▶ _WHAT THE EXERCISE ASKS_
From the data that follows, set down exactly the lines from the one with "White mesh sneakers" through the one with "VidaXL Highboard met", counting both. Pictures stay out.

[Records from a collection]
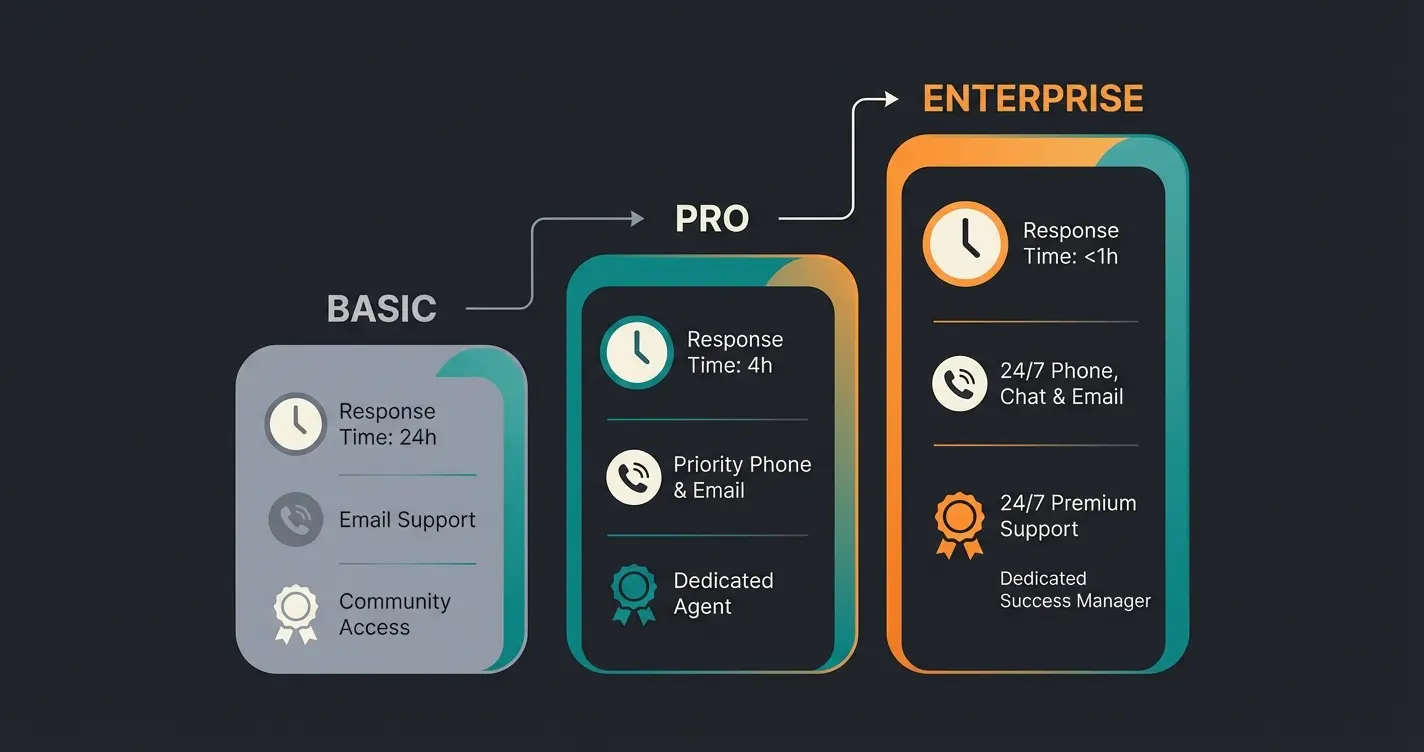 Vergleich der Shopware Support Pläne Rise Evolve Beyond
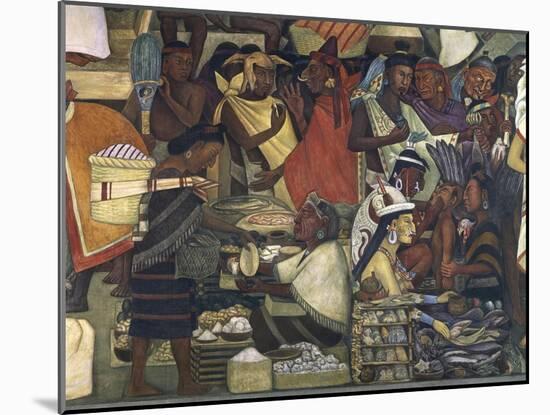 Close-Up of a Fresco, Market at Tenochtitlan, National Palace, Mexico City, Mexico-null-Mounted Giclee Print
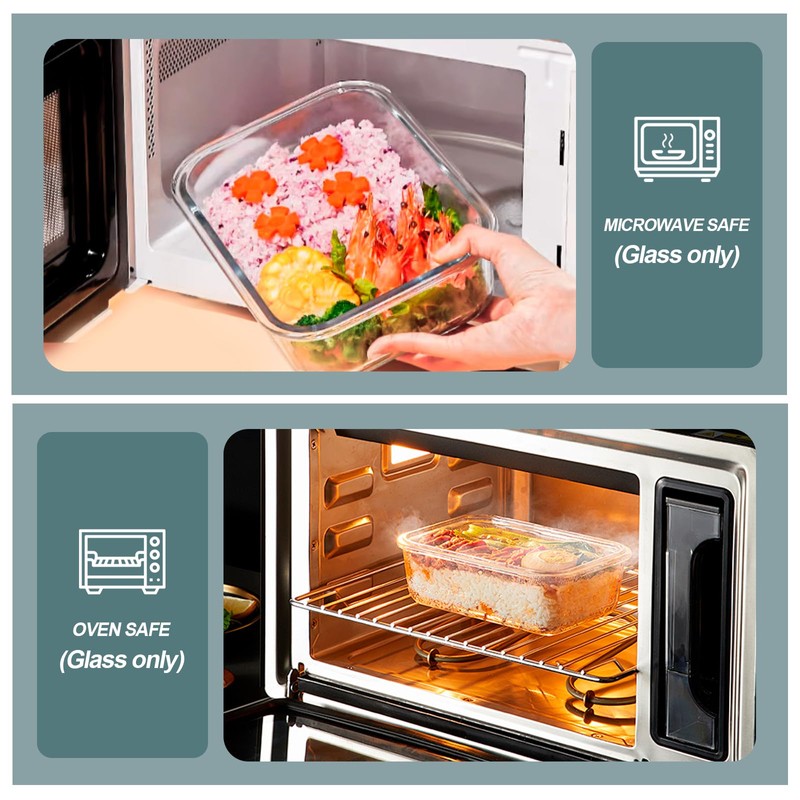 KOMUEE 30 oz 5 Pack Glass Meal Prep Containers, Glass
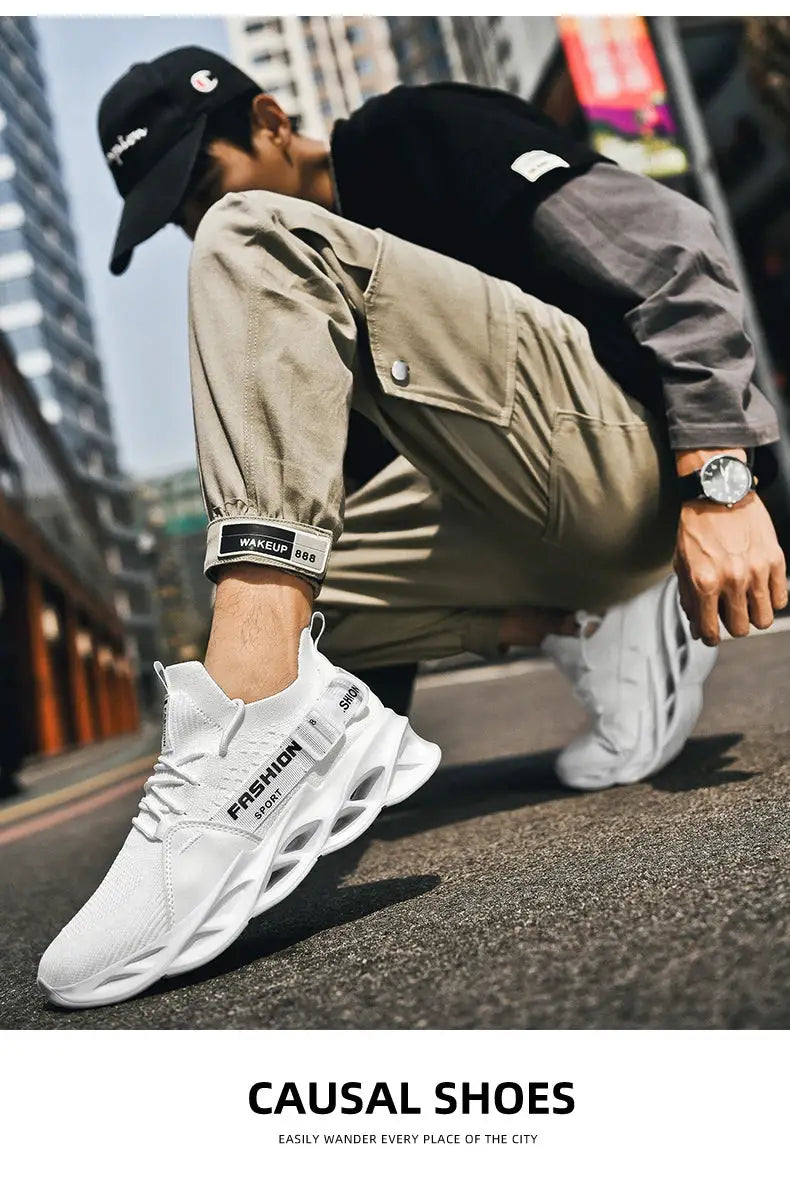 White mesh sneakers with thick sole for casual unisex athletic wear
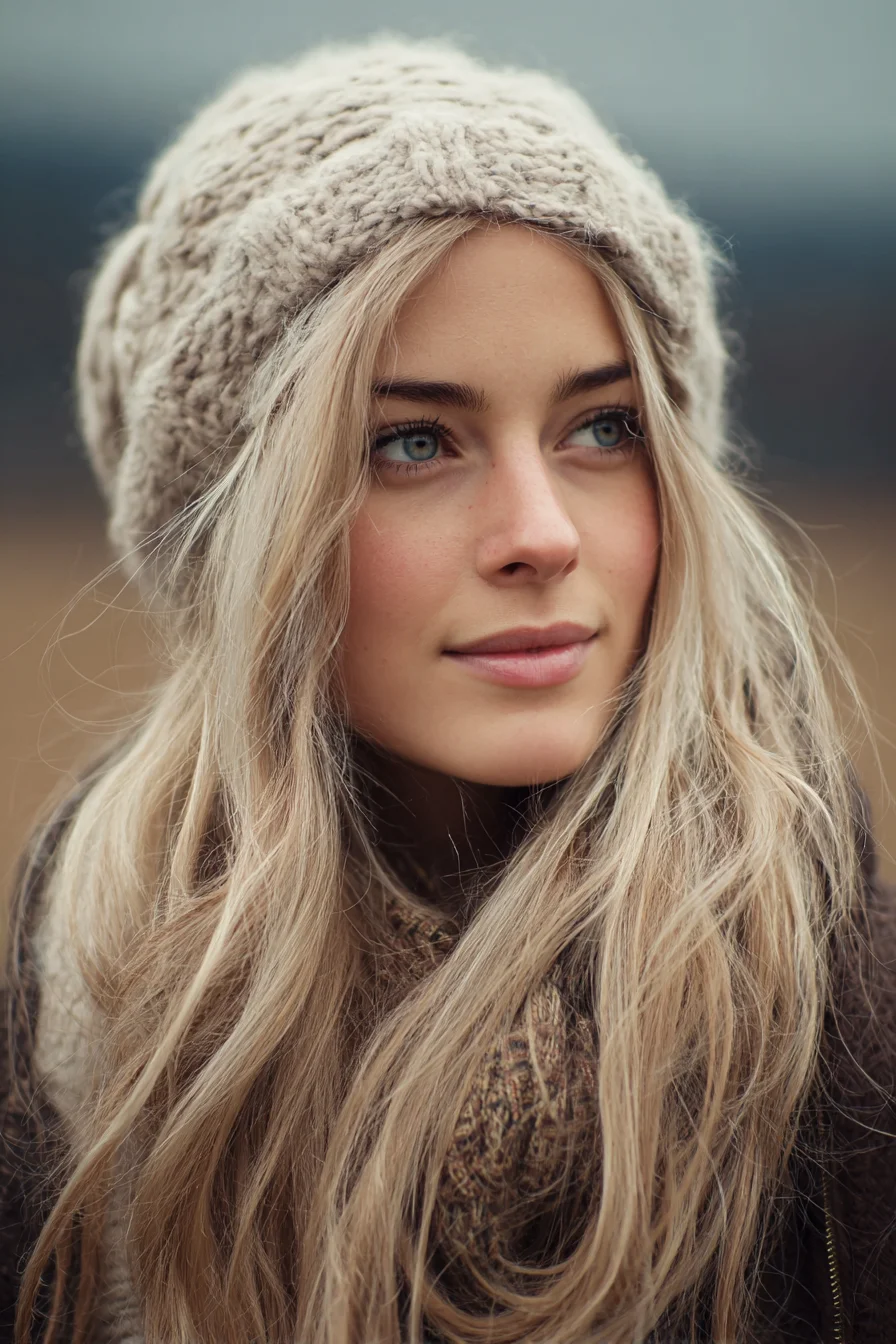 Long Textured Beach Waves with Soft Face‑Framing Layers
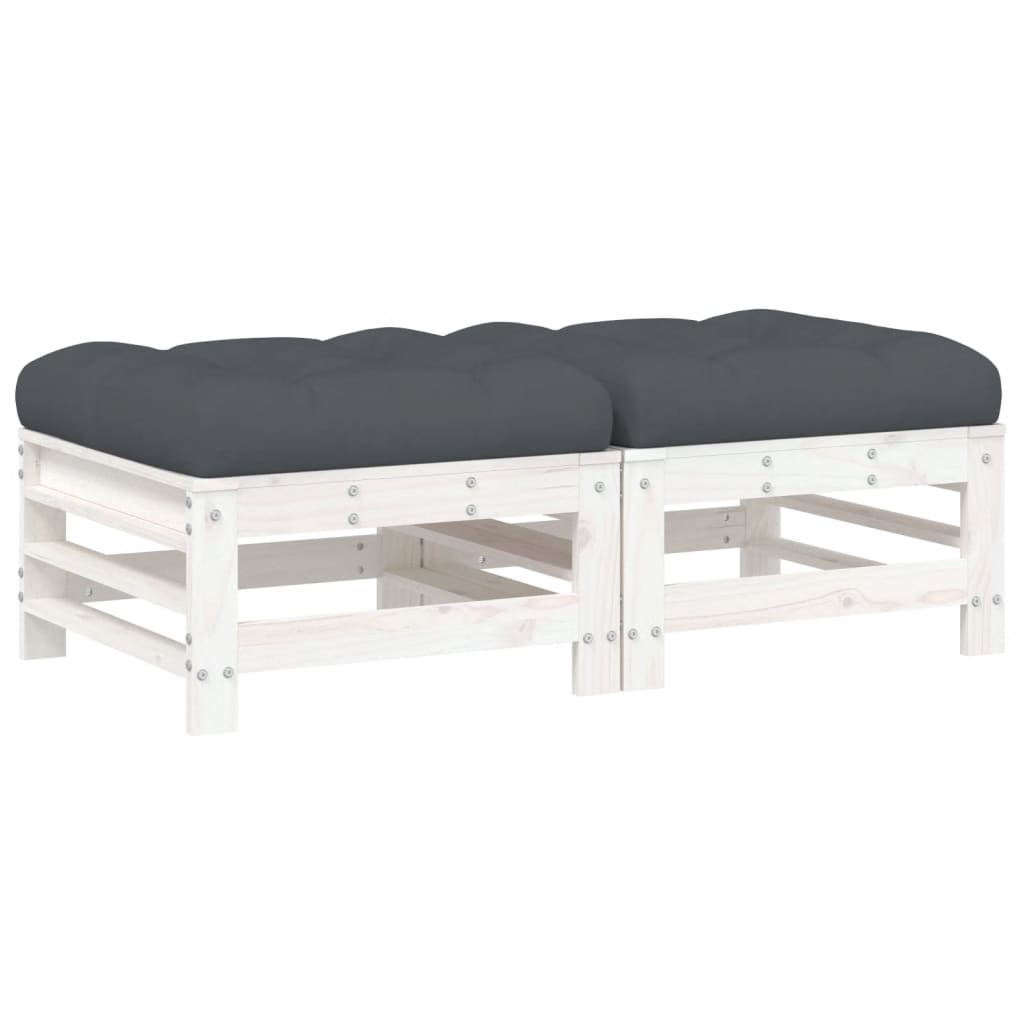 Apoios de pés p/ jardim c/ almofadões 2 pcs pinho maciço branco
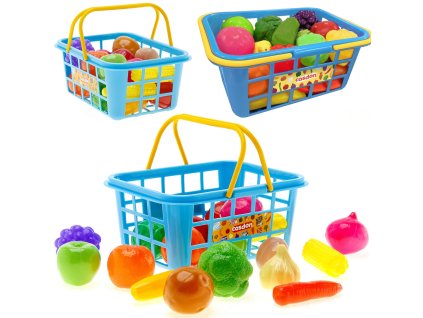 Plastová zelenina a ovoce do kuchyně Modrý nákupní košík Casdon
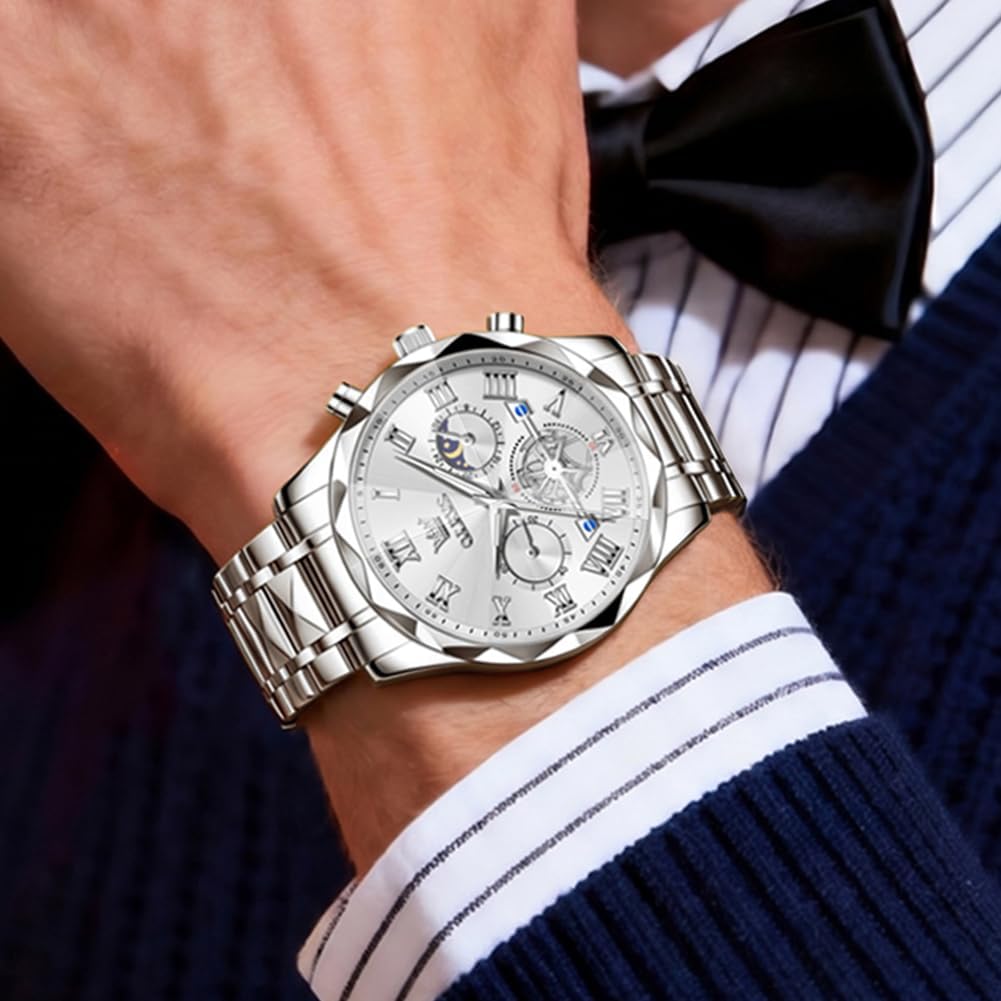 OLEVS Reloj para Hombres Clásico de Negocios en Acero Inoxidable Reloj para Hombre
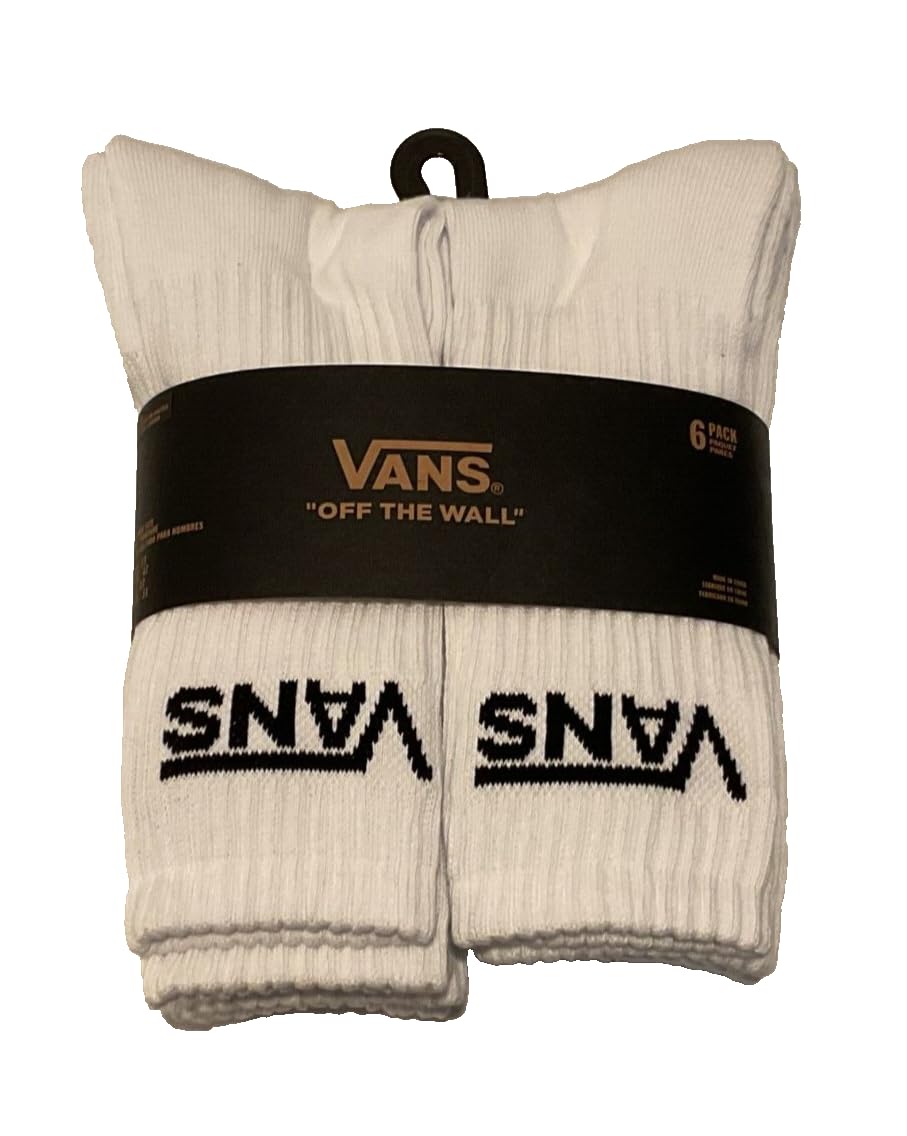 Vans Classics Crew Sock 6-Pack, White, 8.5-13 UK
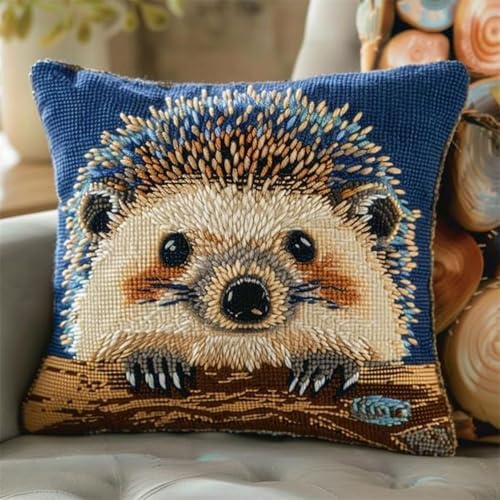 Pskgbxmu Gestempeltes Kreuzstich Kissen 45x45cm Igel DIY Kissen Stickerei Set für kreative Inneneinrichtung Handarbeitsset für erwachsene Anfänger von Pskgbxmu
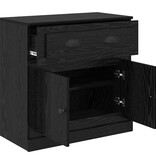 VidaXL Highboard met lade Zwart Eiken 70 x 35,5 x 67,5 cm Bewerkt hout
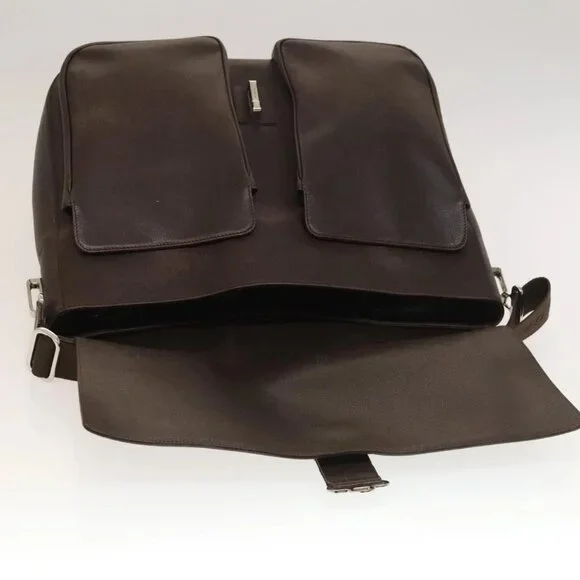 BVLGARI Shoulder Bag Leather Brown Silver Auth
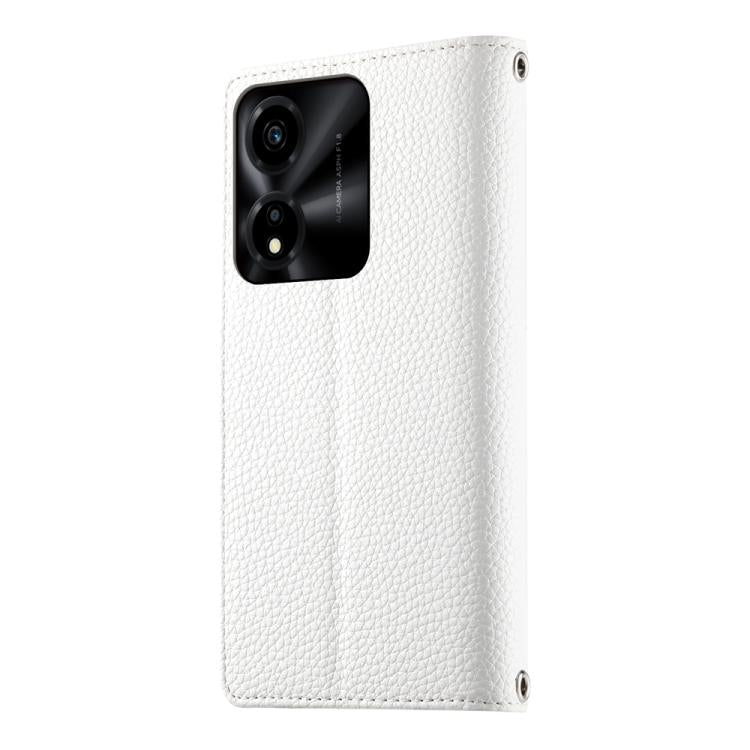 For Honor X5c Plus Stitching Multi-card Zipper Wallet Leather Phone Case with Short Strap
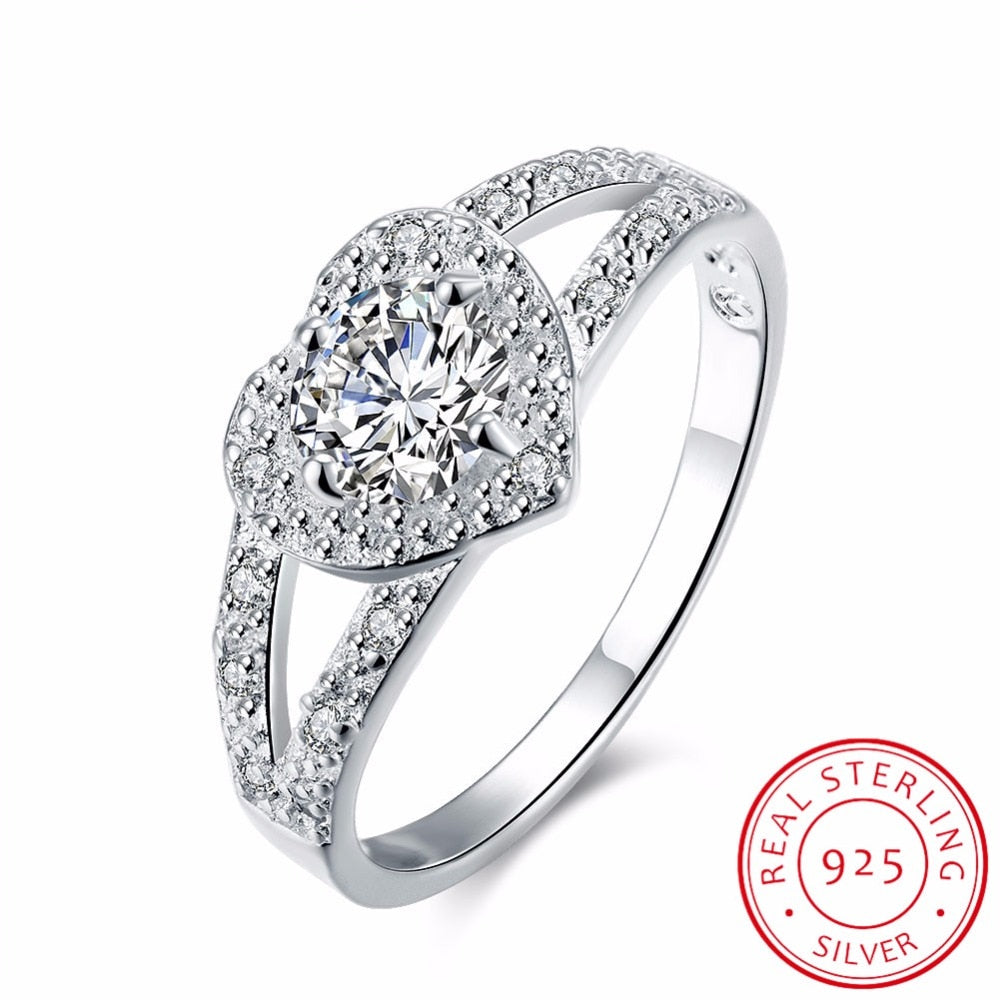 Real 925 Sterling Silver Heart Ring 5A CZ Zirconia Wedding Jewelry brand Engagement Hearts Rings for Women Gift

▶ _REPLY_
 White mesh sneakers with thick sole for casual unisex athletic wear
 Long Textured Beach Waves with Soft Face‑Framing Layers
 Apoios de pés p/ jardim c/ almofadões 2 pcs pinho maciço branco
 Plastová zelenina a ovoce do kuchyně Modrý nákupní košík Casdon
 OLEVS Reloj para Hombres Clásico de Negocios en Acero Inoxidable Reloj para Hombre
 Vans Classics Crew Sock 6-Pack, White, 8.5-13 UK
 Pskgbxmu Gestempeltes Kreuzstich Kissen 45x45cm Igel DIY Kissen Stickerei Set für kreative Inneneinrichtung Handarbeitsset für erwachsene Anfänger von Pskgbxmu
 VidaXL Highboard met lade Zwart Eiken 70 x 35,5 x 67,5 cm Bewerkt hout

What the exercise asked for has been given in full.